By Paul McBeth
Dec. 20 (BusinessDesk) - Guinness Peat Group founder Ron Brierley has sold another 5 million tranche of shares in the investment firm, even as it's rated an average 'outperform' by analysts.
The veteran corporate raider sold the shares yesterday at 47 Australian cents apiece for some A$2.35 million, or $2.95 million in New Zealand dollar terms, according to a statement lodged with the stock exchange.
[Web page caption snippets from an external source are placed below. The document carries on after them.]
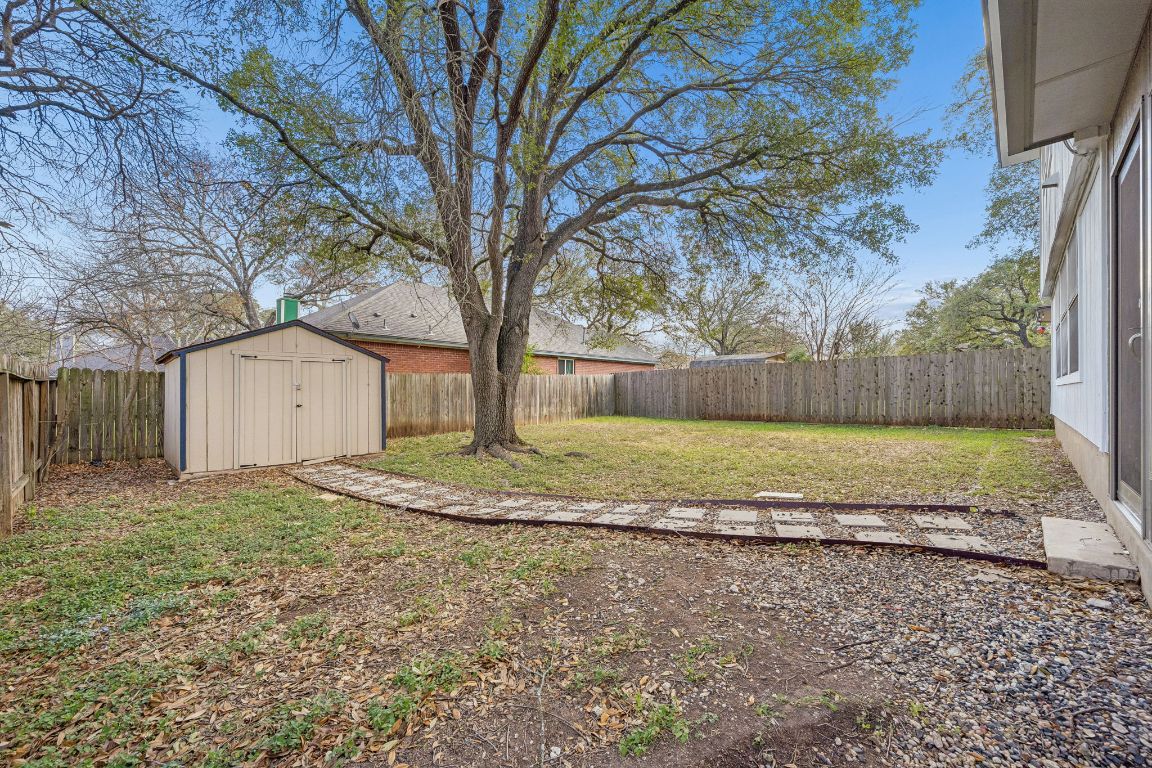 8611 Devine Lane Austin, TX 78748 - Photo 30 of 33 a view of a house with a back yard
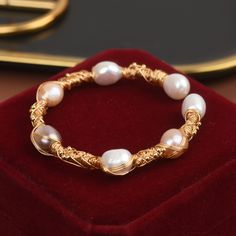 * Buy 2 baroque pearl bracelets and receive a free jewelry organizer * Buy more than 2 baroque pearl bracelets to receive a $10 discount and a free mirror jewelry organizer Baroque Freshwater Real Dainty Baroque Pearl Bracelet Gold Design | Girls Pearl Bracelet| Pearl And Gold Bracelet For Weddings 14K gold baroque pearl bracelet, available in four beautiful colors; pink, white, grey and black and green. Add a touch of elegance to any outfit with our collection of classic and handmade baroque pe Rose Gold Bangle Pearl Bracelet As A Gift, Baroque Pearl Bracelet Jewelry Gift, Gold Baroque Pearl Jewelry, Wire Wrapped, Baroque Pearl Wire Wrapped Jewelry Gift, Gold Baroque Pearl Bracelet For Gift, Rose Gold Pearl Bracelet As Gift, Handmade Rose Gold Pearl Bracelet Gift, Gift Gold Baroque Pearl Bracelet, Wire Wrapped Pearl Bracelet Gift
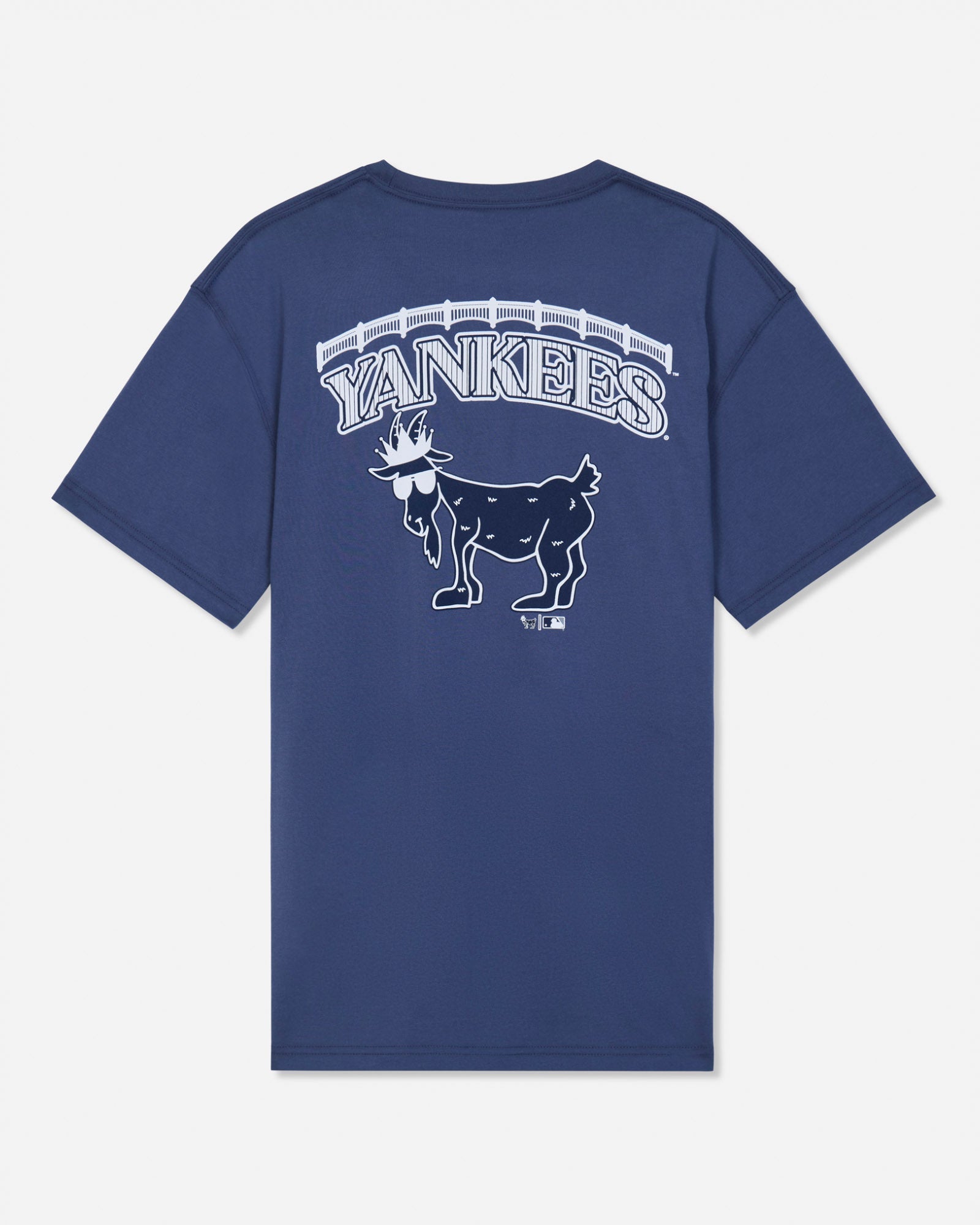 A navy blue short-sleeve t-shirt with a white graphic on the back featuring the word 'YANKEES' in an arched font above a detailed goat mascot illustration, set against a light gray background.#color_navy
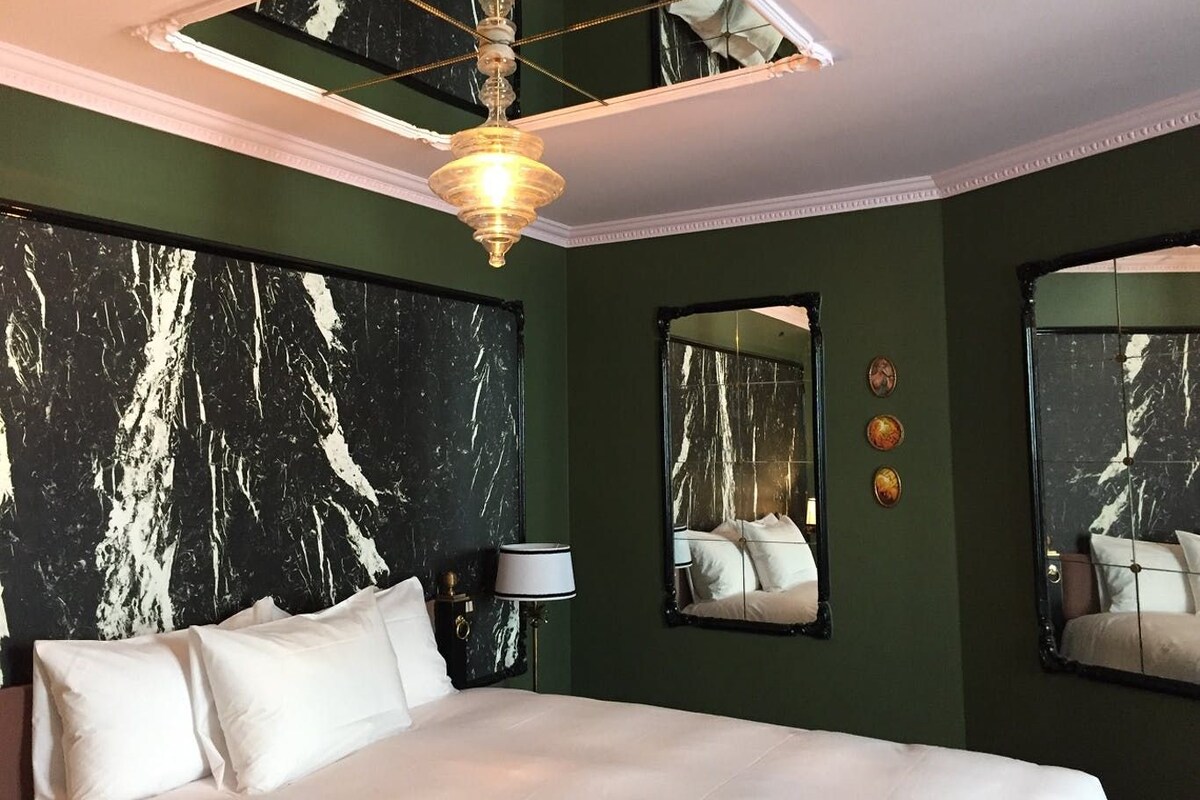 Habitación de hotel con una cama grande, dos espejos en la pared, una araña y un diseño de pared que imita el mármol.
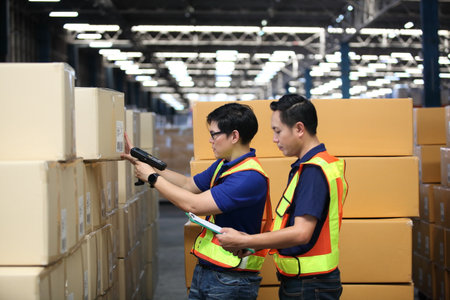 Portrait of worker in warehouse , they  happy and  working at The Warehouse. Storehouse area, Shipment.  warehouse worker unloading pallet goods in warehouseの写真素材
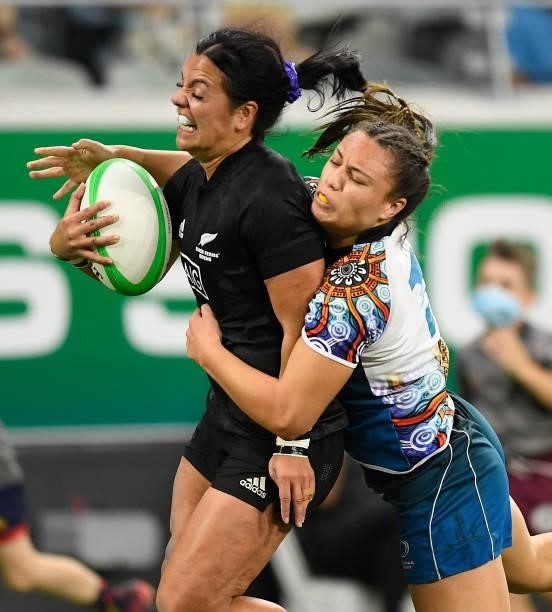 Stacey Waaka of New Zealand is tackled by Bienne Terita of Oceania during the Oceania Sevens Challenge match between New Zealand and Oceania at...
That leaves Brierley with some 31.9 million shares, or 2.01 percent, or GPG. Since embarking on his sell-down in October, Brierley has cashed up 20 million shares for some $11.73 million.
His exit comes with the stock rated an average 'outperform' based on six analyst recommendations compiled by Reuters, with a median target price of 65.5 cents - a premium of 13 percent to the current trading price of 58.5 cents on the NZX. The company is now in wind-down mode, with management looking to sell assets and rename it Coats, the company's biggest investment.
Brierley clung to his GPG seat at this year's annual meeting in Auckland, with just 12 million votes separating the 50.75 percent for and 49.25 percent against his re-election as a non-executive director.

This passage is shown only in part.